Archive for the ‘Tertiga’ Category

Berpikir atau berakal atau …
10 Oktober, 2009

Aku pernah liat filem dokumenter di tp, segerombol burung Sea Gull sedang bertelur di rerumputan sekitar pantai berpasir. Seekor induk Sea Gull mengerami tiga butir telur. Pagi itu menetas satu, Iduknya girang lalu terbang mencari ikan segar utk diri telah menahan lapar dan utk anaknya yg baru nongol. Sebelum Induk itu kembali kesarang , telur kedua menetas. Adiknya ini sama besarnya dgn yg menetas tadi, sama juga coraknya dan suaranya. Pengamat memberi tanda beda warna dgn StabiloBoss pada sisi sayap anak-anak itu. Induk yg sedang girang itu tiba dgn penuh makanan diparuhnya. Anak no.1 diberi makan terlebih dahulu, sisa makanan diberikan kepada anak.no2. Selalu begitu, hari kedua, urutan pemberian makanan itu juga demikian, anak no.1 diberi makan terlebih dahulu lalu sisa makanan dlm tembolok diberikan kepada anak.no2.

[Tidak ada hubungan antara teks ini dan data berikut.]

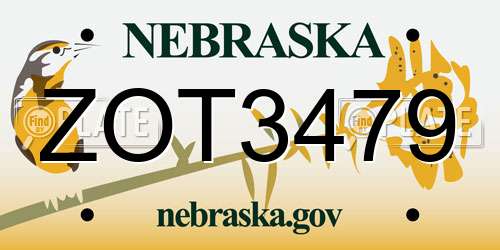 ZOT3479 Nebraska License Plate
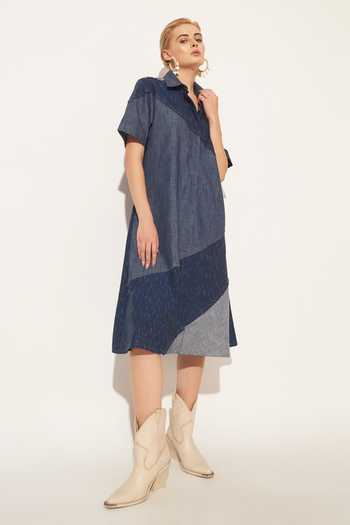 Linetribe_Blue Denim Collared Neck Kairon Printed Dress _Online_at_Aza_Fashions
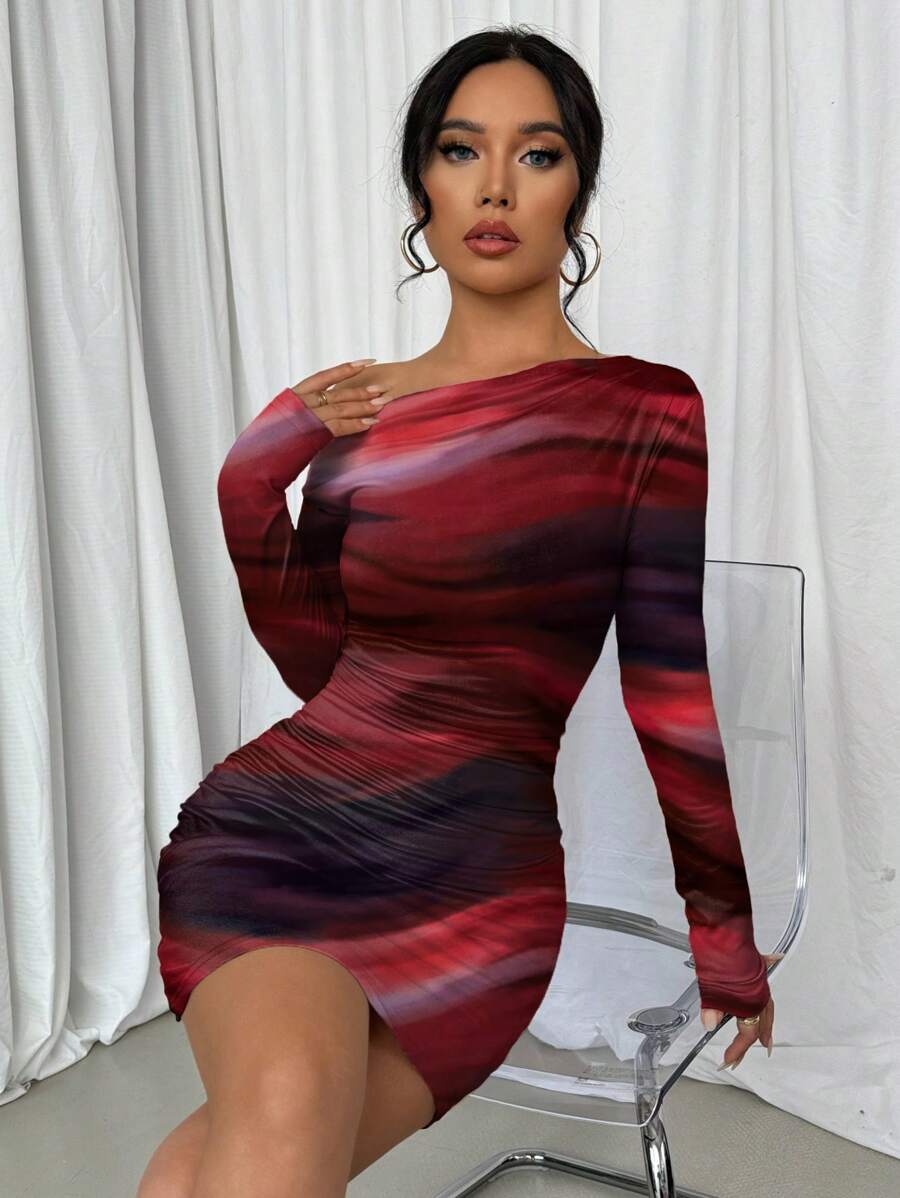 Selianne 1pc Women Fitted Tie Dye Print Ruched Oblique Shoulder Long Sleeve Dress For New Year Clothes Fall Cloth For Women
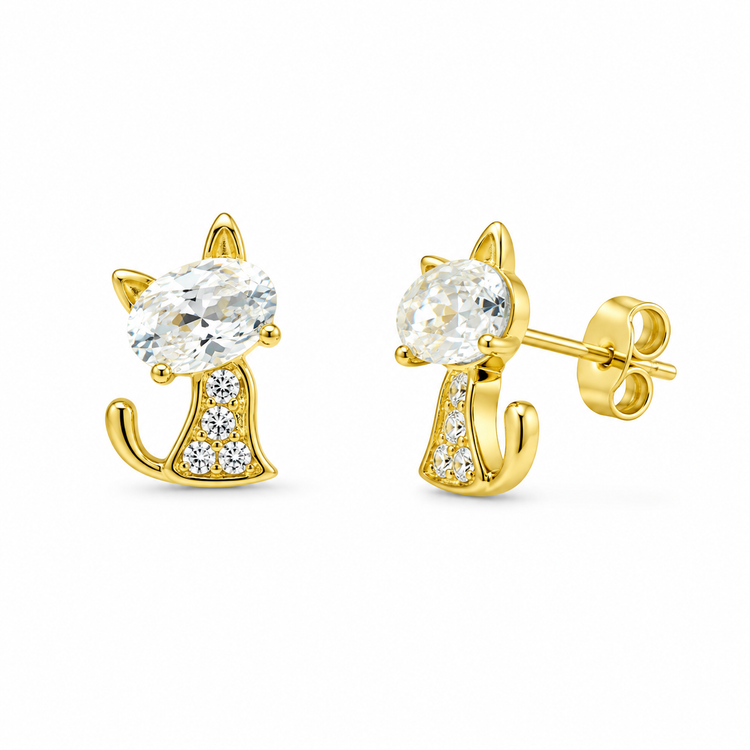 KITTY STUD — ΠΑΙΔΙΚΑ ΚΑΡΦΩΤΑ ΑΣΗΜΙ 925 ΕΠΙΧΡΥΣΟ ΓΑΤΑΚΙ ΖΙΡΓΚΟΝ
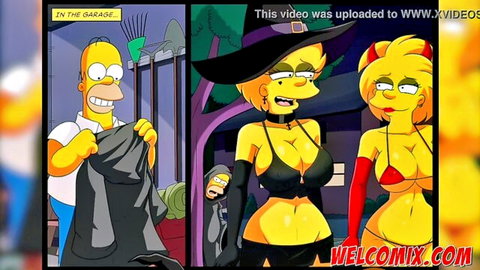Simpsons witches Marge and Patty in sexy black and red lingerie, Homer in garage Halloween orgy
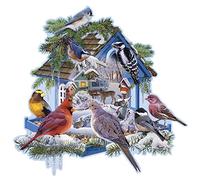 Bits and Pieces - Puzzle en forme de 750 pièces pour adultes 48 cm x 69 cm - Mangeoire à oiseaux d'hiver - Maison à oiseaux enneigée 750 pièces par l'artiste Russel Cobane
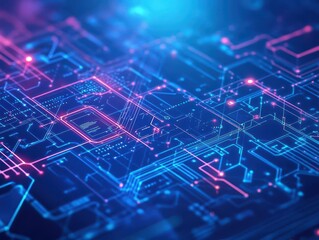 Poster - The blueprint of an interconnected smart city system with layers of data overlays, futuristic, blueprints with neon accents, art, complex city maps, holographic displays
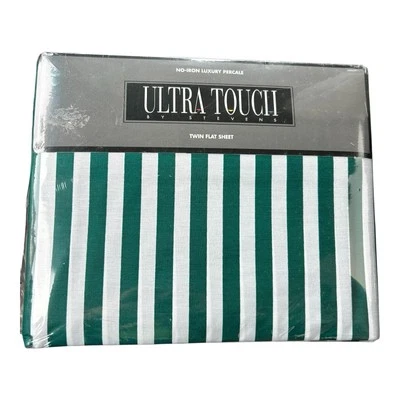 Sábana plana Ultra Touch By Stevens Twin - TALLA DOBLE - RAYAS VERDE CAZADOR Foto 1 de 4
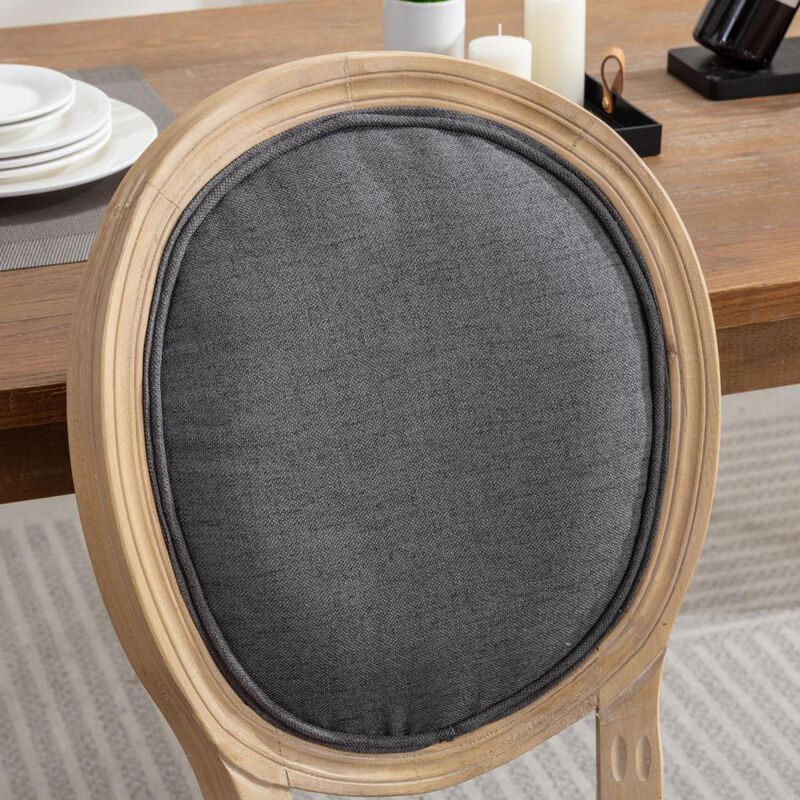 French Style Solid Wood Frame Antique Painting Linen Fabric Back Dining Chair, Set Of 2, Dark Gray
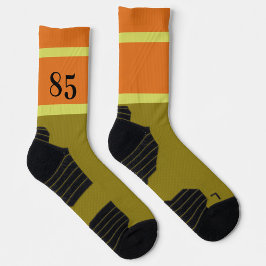 85 Geburtstag Retro Farbblock Grün und Orange Socken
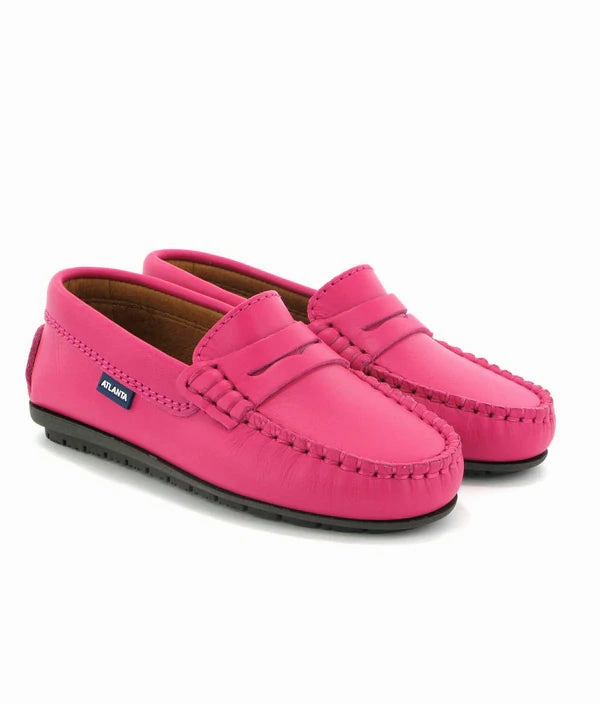 Atlanta Mocassin Fuschia Smooth Leather Moccasin Penny Loafer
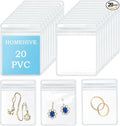 HOMEHIVE Travel Jewelry Bags, 20Pcs Clear Travel Jewelry Organizer, Portable Anti Tarnish Jewelry Storage Pouch Bag Gift for Women Girl, 20Pcs Clear Bags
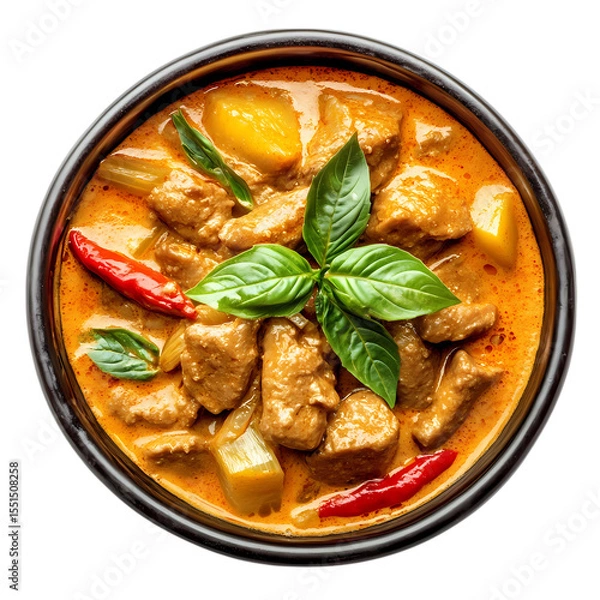 Fototapeta Mouthwatering Panang Curry A Culinary Delight isolated on transparent background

Di pagi hari ke tiga lahirlah anak no.3, si Bungsu, saat Ibunya pergi lama – mungkin ngerumpi dulu dgn nelayan – mencari teri di pantai. Ibu yg girang itu tiba dgn lebih penuh makanan di mulutnya. Anak no.1 diberi makan terlebih dahulu, anak no.2 diberi makan kemudian dan sisanya tidak ada untuk si Bungsu. Si Bungsu tak makan hari itu, mungkin karena si Ibu salah itung atau si abangan-nya terlalu rakus dan deras pertumbuhanya. Ke esokan harinya sistem distribusi ransum itu pun begitu juga, sama, selalu si abangan duluan secara urut seolah tau kode warna yg diberikan peneliti. Hari itu si Bungsu hanya kebagian kuahnya doang beberapa leleran lender teri, kuah tanpa ikan. Dia terus menangis mangap-mangap sementara abangannya telah nyenyak tidur. Anak no.3 tak makan juga hari itu, walau dia meregangkan lehernya paling panjang, walau dia telah berupaya mangap paling lebar, walau dia telah jinjit paling tinggi di tepi sarang. Begitu seterusnya, si Bungsu itu hanya beroleh lelehan lender dan mungkin ludah doang dari paruh Ibunya. Sedih aku melihanya, kasihan aku mendengar jeritnya, tapi Ibunya tetep tak mikir apa-apa kletannya, entah lah. Memprihatinkan.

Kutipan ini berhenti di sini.